69 The Commission contends that the difference in the results may be due to a different definition of the word 'passengers' or the calculation methods used. In that regard, the Commission points out that whilst the methods applied by Eurostat are explained on its website, the applicant provides no information on that point.
70 In any event, it must be observed that even if the figure put forward by the applicant were correct, it would mean that in 2013 domestic passenger traffic represented 89% of the Port of Split's total passenger traffic. Therefore, a difference of a few percentage points between the applicant's results, on the one hand, and those of the Commission, on the other hand, cannot call in question the Commission's reasoning.
71 Therefore, it follows from the foregoing, that the applicant's arguments in respect of the third ground must be rejected.
The fact that the Commission has had other complaints referred to it concerning the same case
72 The applicant maintains that, in accordance with point 22 of the Commission Notice on the handling of complaints by the Commission under Articles [101] and [102 TFEU] (OJ 2004 C 101, p. 65), the Commission was better placed to deal with the practices at issue since the applicant had submitted two complaints to the Commission in respect of infringements of Articles 56 and 107 TFEU.
73 As for the complaint concerning Article 56 TFEU, it should be noted that, in paragraph 22 of the contested decision, the Commission stated that competition law is not an adequate basis for the investigation of the applicant's complaint and that it would bring proceedings under Article 258 TFEU in the event that the Croatian authorities did not provide a satisfactory reply following the Commission's invitation to them to provide their comments under Council Regulation (EEC) No 4055/86 of 22 December 1986 applying the principle of freedom to provide services to maritime transport between Member States and between Member States and third countries (OJ 1986 L 378, p. 1).
74 The applicant does not dispute that paragraph in the application. Moreover, as was stated in paragraph 23 of the contested decision, the applicant itself admitted, in its letter of 19 August 2014, that unequal treatment of domestic and international traffic was not the subject of its complaint in the present case.
75 As for the complaint under Article 107 TFEU, it is sufficient to find that it is the subject of the proceedings lodged at the Court Registry under case number T 57/15.
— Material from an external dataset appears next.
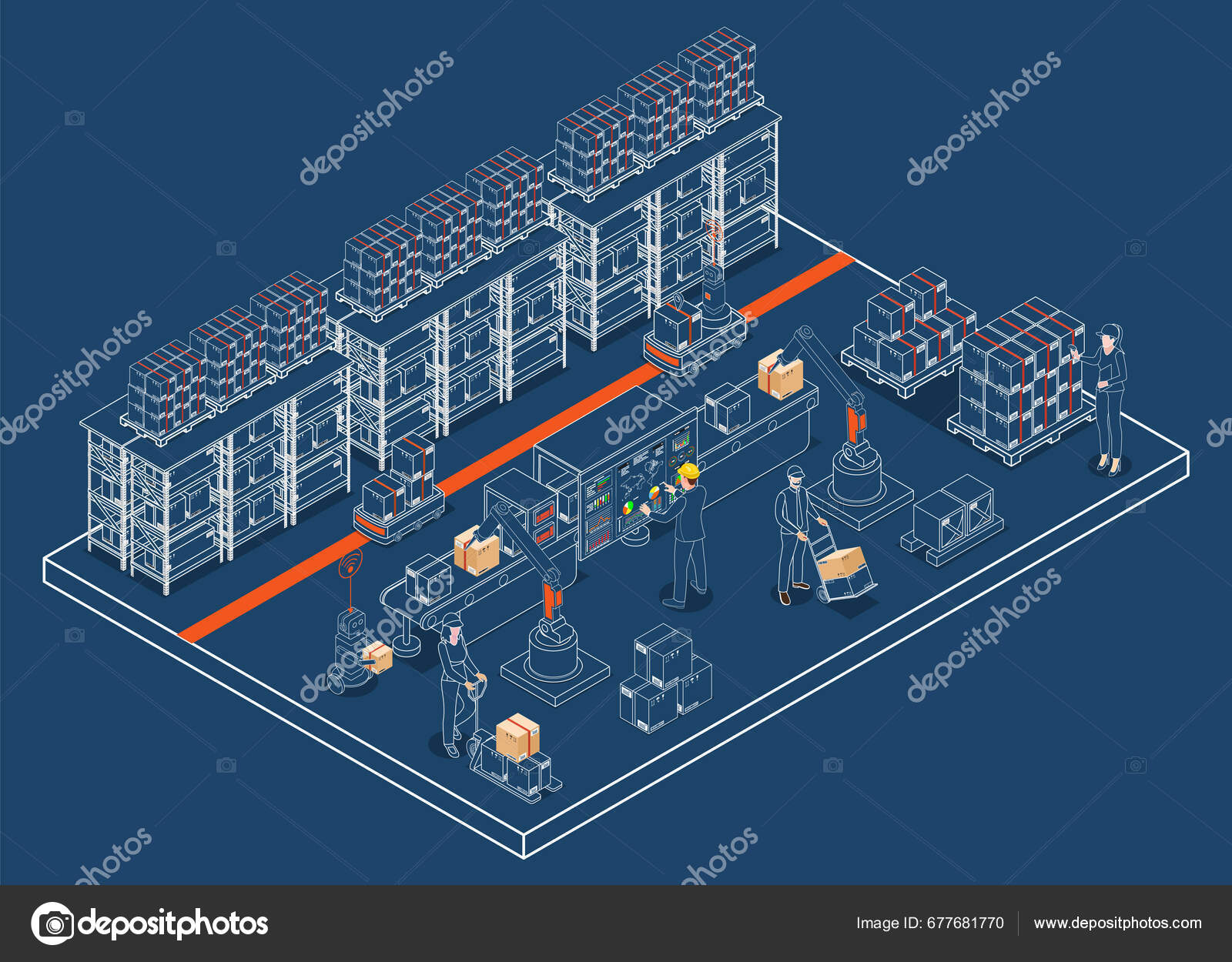 3D Isometric Automated Warehouse Robots And Smart Warehouse Technology 3D Isometric Automated Warehouse Robots And Smart Warehouse Technology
76 Furthermore, it should also be recalled that the Court cannot substitute its own assessment of the EU interest for that of the Commission by considering whether criteria other than those applied by the Commission in the contested decision should have led it to the conclusion that there was an EU interest in continuing its investigation of the case (judgment of 17 December 2014, Si.mobil v Commission, T 201/11, EU:T:2014:1096, paragraph 89 (not published)).
77 Therefore, it follows from the foregoing that the applicant's arguments concerning the fact that the Commission has had other complaints concerning the same case referred to it must be rejected.
78 It follows from the foregoing that the plea in law must be rejected and the action dismissed in its entirety.
Costs
79 Under Article 134(1) of the Rules of Procedure, the unsuccessful party is to be ordered to pay the costs if they have been applied for in the successful party's pleadings.
80 Since the applicant has been unsuccessful, it must be ordered to pay the costs, in accordance with the form of order sought by the Commission.
On those grounds,
THE GENERAL COURT (Seventh Chamber)
hereby:
1. Dismisses the action;
2. Orders Trajektna luka Split d.d. to pay the costs.